Canada's spy agency should hand over information that could shed light on whether a British Columbia man found guilty of terrorism was the victim of police manipulation, a court has heard.

Lawyer Marilyn Sandford said she wants the B.C. Supreme Court to order disclosure of all correspondence between the Canadian Security Intelligence Service (CSIS) and the Mounties related to the investigation of her client John Nuttall and his wife Amanda Korody.

Mr. Nuttall and Ms. Korody were found guilty three weeks ago of planning to set off pressure-cooker bombs on the grounds of the B.C. Legislature in 2013.

Their lawyers are scheduled to begin arguments next week that the couple were entrapped and that police manipulated them into carrying out their Canada Day bomb plot.

Ms. Sandford told the court on Tuesday that it appeared as though CSIS had information on Mr. Nuttall's and Ms. Korody's case beyond what the RCMP has so far released.

She pointed to the possible involvement of another individual in the case who may have acted as a source for a CSIS investigation, which Ms. Sandford argued would be "of extreme relevance to the issue of entrapment."

"We require disclosure concerning [the individual] in order to investigate his potential role, if he was a human source, as an agent provocateur who encouraged Mr. Nuttall to commit violent acts," Ms. Sandford told the court.

She referenced wire intercepts disclosed in the earlier trial, which, she said, strongly indicate "that that's what he was doing in the name of Islamic jihadist extremism."

The court heard that documents disclosed by the Mounties consist of little more than a single line from CSIS advising police that Mr. Nuttall may be a national security threat.

"We have the RCMP saying, 'there's nothing here,'" said Ms. Sandford. "Well, there seems to be a lot more here than what meets the eye."

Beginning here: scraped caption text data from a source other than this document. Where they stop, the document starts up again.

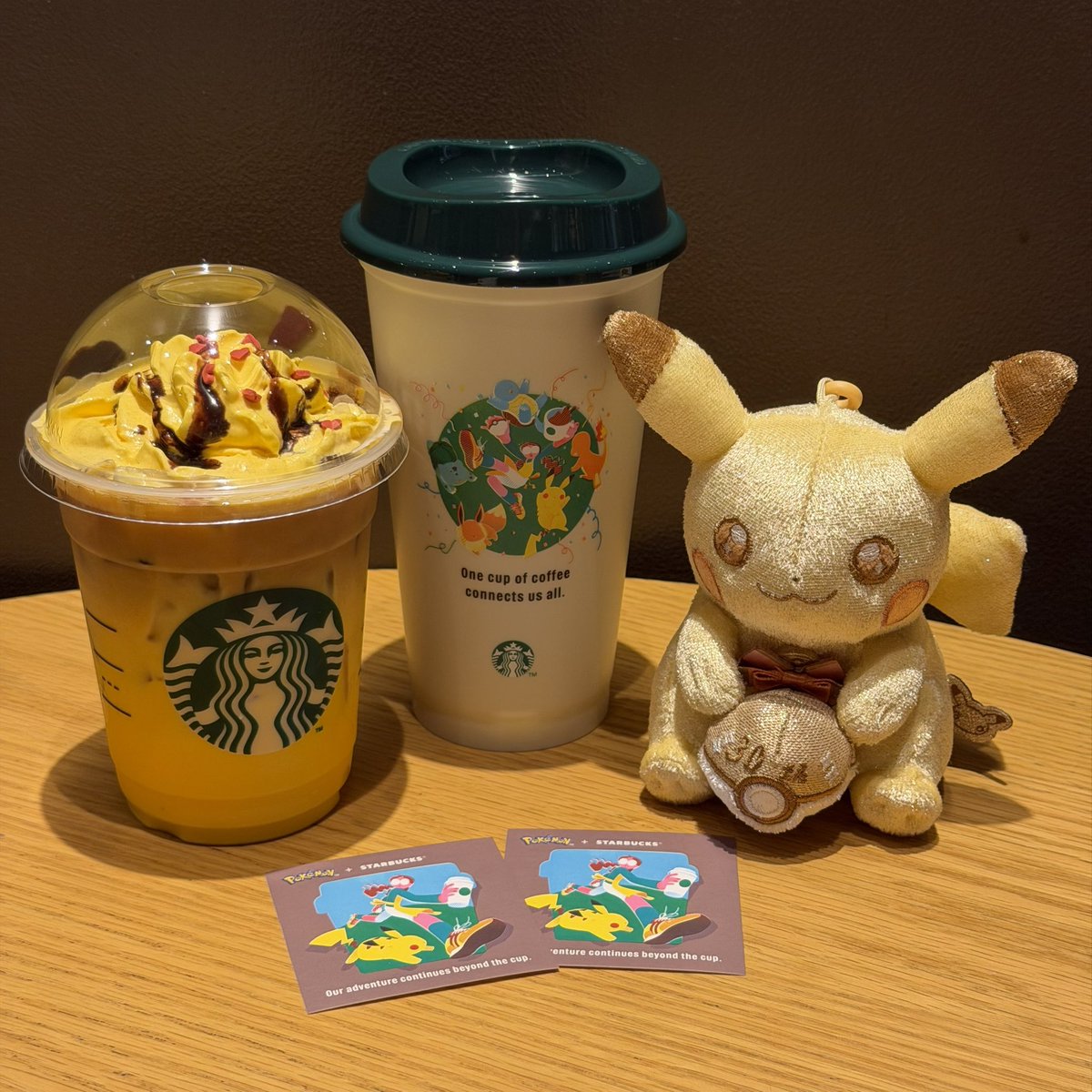 shiy__kf's tweet photo. 夫のお休みとたまたまかぶって
無事にほしいもの買えた💛
オンラインも早起きして
頑張ったよぉぉ届くの楽しみ🤎

#スタバ
#ピカチュウラテ https://t.co/9PrwjUJmDu
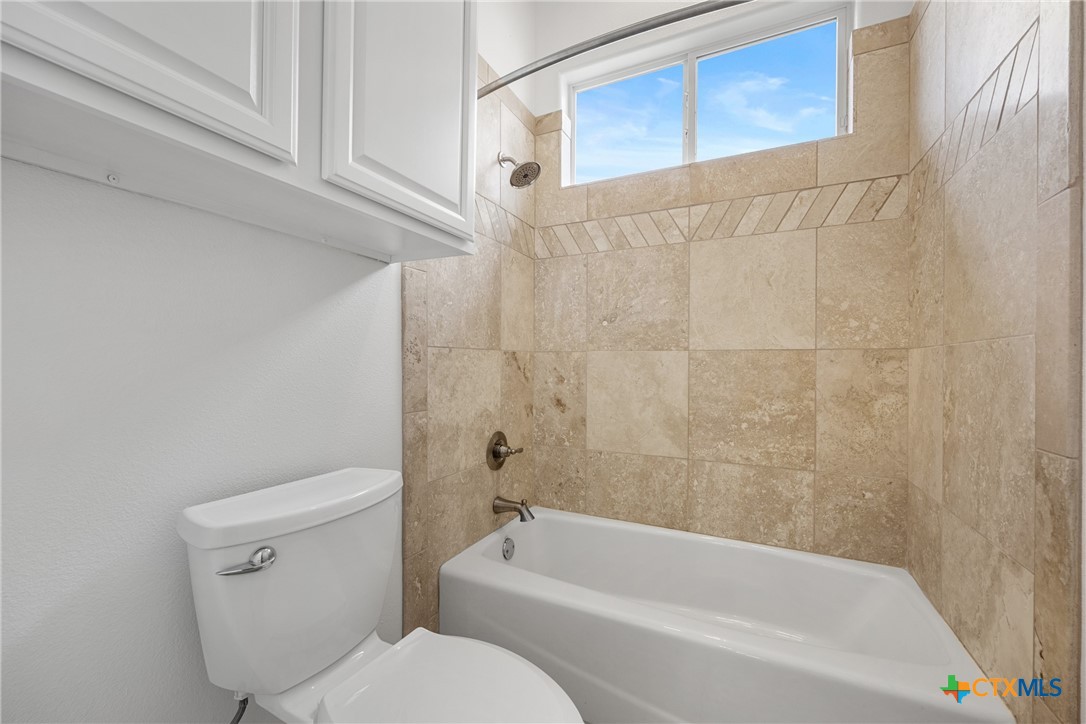6717 Springwood Court Temple, TX 76502 - Photo 17 of 33 a bathroom with a toilet and bathtub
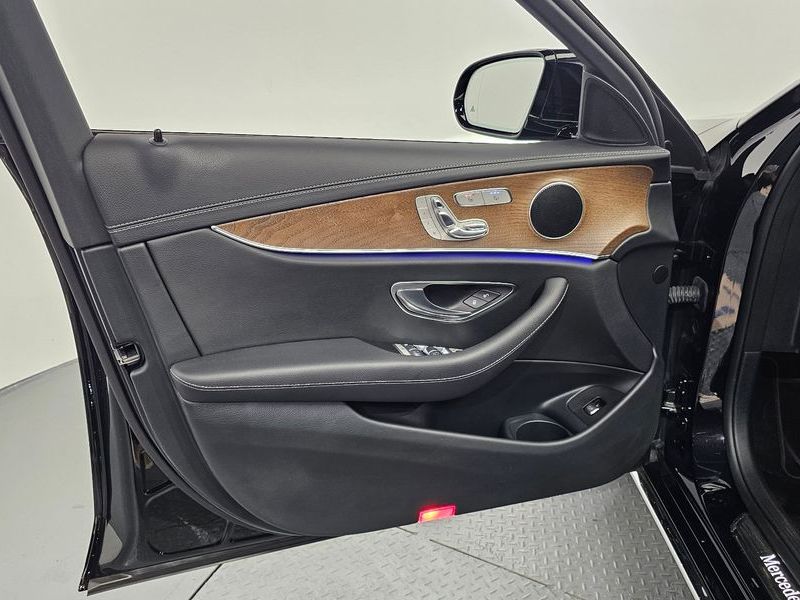 2021 Mercedes-Benz E-Class E250 Exclusive photo 24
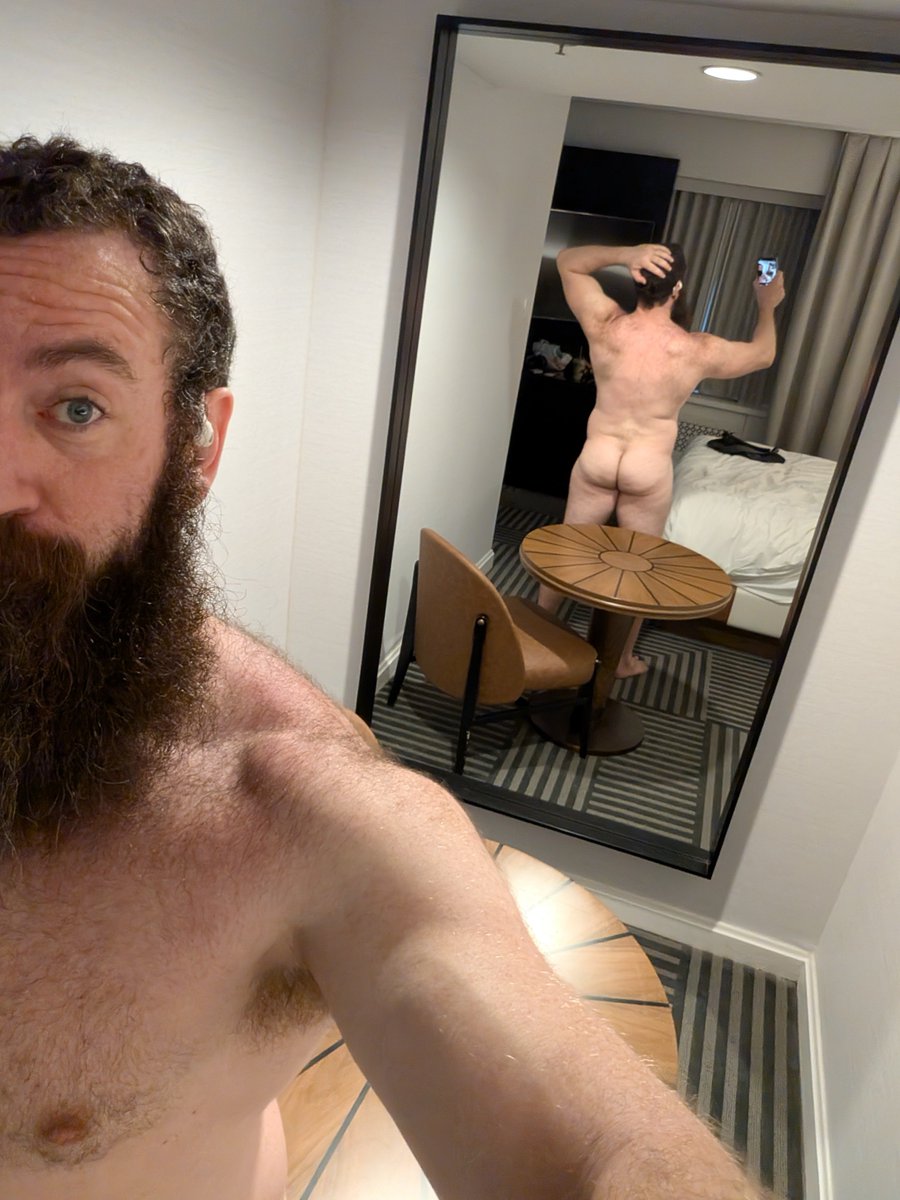 ranchxxx1's tweet photo. This nook with a mirror is so odd! https://t.co/WdYnRFi1zI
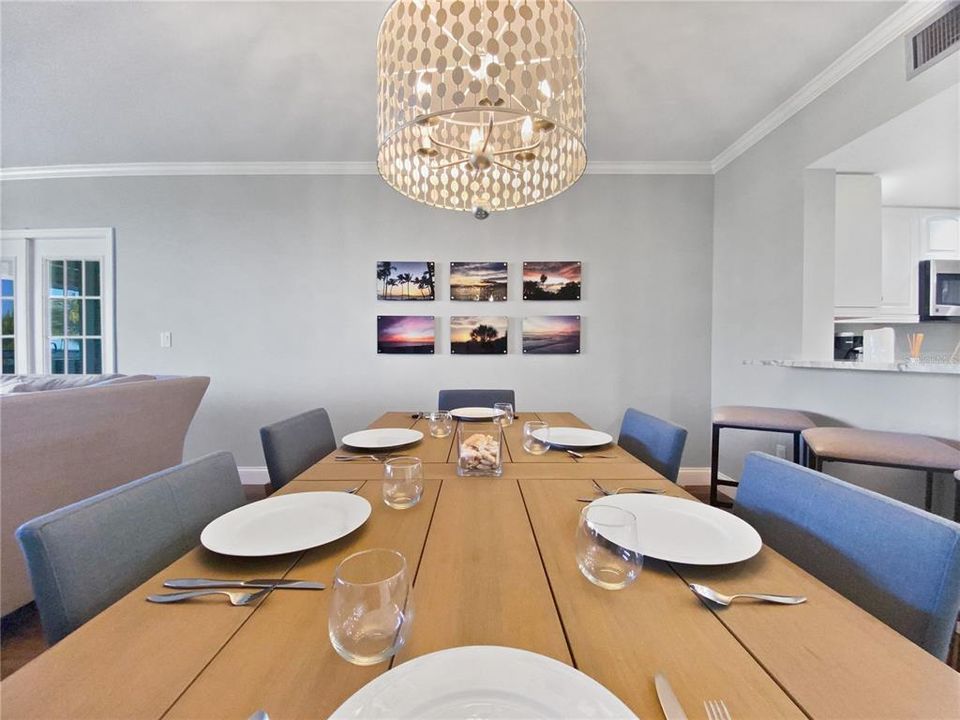 出租: $10,000 (2 贝兹, 2 浴室, 1957 平方英尺)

Crown lawyer Peter Eccles opposed the application, insisting that CSIS has no obligation to share information with anyone and that any information would be irrelevant to the defence's case.

The RCMP can ask for information and the spy agency is fully entitled to tell the Mounties "to pound sand," Mr. Eccles told the court.

He also pointed out that the question of entrapment relates to the conduct of the RCMP and not CSIS.

"They had no idea about the CSIS information," Mr. Eccles said. "So how can the presence or absence of CSIS material have an impact on the RCMP's [conduct]?"

He accused the defence of embarking on a fishing expedition, calling its "broad, sweeping request" for information from CSIS as "a pure shot in the dark."

Besides its correspondence with the RCMP, defence is asking for disclosure from CSIS for all surveillance information related to Mr. Nuttall and Ms. Korody collected between Jan. 1, 2011 and July 1, 2013, when the pair was arrested.